That lady needs to be pelted or be "set free" and see if she can survive in the wild be herself with no help from anyone! :x 
You are so kind to have saved him! :mrgreen:


----------



## nougat (Jun 3, 2010)

HedgeMom said:


> Make sure you are truly prepared to keep this chin for the rest of his life. Chins can live up to 30 years, with 12 to 20 the average for well kept animals. They must be kept at 72 degrees or less with no wiggle room. They must have high quality pellet, high quality hay at all times. They do not get food treats with the exception of rose hips and chamomile flowers. Apple or willow sticks are safe treats. They must be dusted two to three times a week and dust is a killer for electronics. It goes everywhere.
> 
> They poop non stop. They must have a wheel. Everything for a chinchilla must be chew proof or chin safe and they are always expensive. Vets are hard to find and very expensive-more so than hedgehogs. And chins hide illness so it's never minor when you see it.
> 
> If any of this throws you for a loop, turn him over to rescue before he bonds to you.

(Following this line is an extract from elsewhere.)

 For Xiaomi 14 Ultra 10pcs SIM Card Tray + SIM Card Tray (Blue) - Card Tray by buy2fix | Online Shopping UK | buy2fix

I just want to thank everyone for their advice and support.

I'm going to give this a lot of thought HedgeMom. When I read they could live 12-20 years, that did concern me. I don't know if I can commit to 20-30 years of my life, I'll be in my 40's or 50's by then. What if I find I can't care for him, or what if something happens to me. I know it's typical that exotics like chinchillas bounce around from rehome to rehome - that's no way for any animal to live. I couldn't do that.

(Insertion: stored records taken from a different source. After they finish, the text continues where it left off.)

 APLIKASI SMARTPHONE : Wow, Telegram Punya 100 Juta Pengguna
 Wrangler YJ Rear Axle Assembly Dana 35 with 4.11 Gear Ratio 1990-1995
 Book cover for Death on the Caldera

I had him out tonight for few hours and I can already tell he's warming up to me. He's great, I'd like to keep him but I also want to think about what's best for him. I'm only 23 years old, I don't know where I'll be in 5 years let alone 20 or 30.


----------



## Hedgieonboard (Nov 15, 2009)

I think it was a great thing you did rescuing the chin, what a horrible woman to have threatened such a thing. He's lucky you saved him


----------



## HedgeMom (Nov 7, 2008)

nougat said:


> I'm only 23 years old, I don't know where I'll be in 5 years let alone 20 or 30.


Most of the rescue chins I've taken in are 5 to 7 years of age for this exact reason. At your age, so much of your future is up in the air. You most likely will move several more times before buying a home so you need to find pet friendly rentals, you change relationships and you have other significant life changes.

Fiaspice had a very good point about dental issues. I just recently lost a 12 year old rescue to malocclusion. That was after I spend over 900 dollars on a veterinary dentist to help the issue.


----------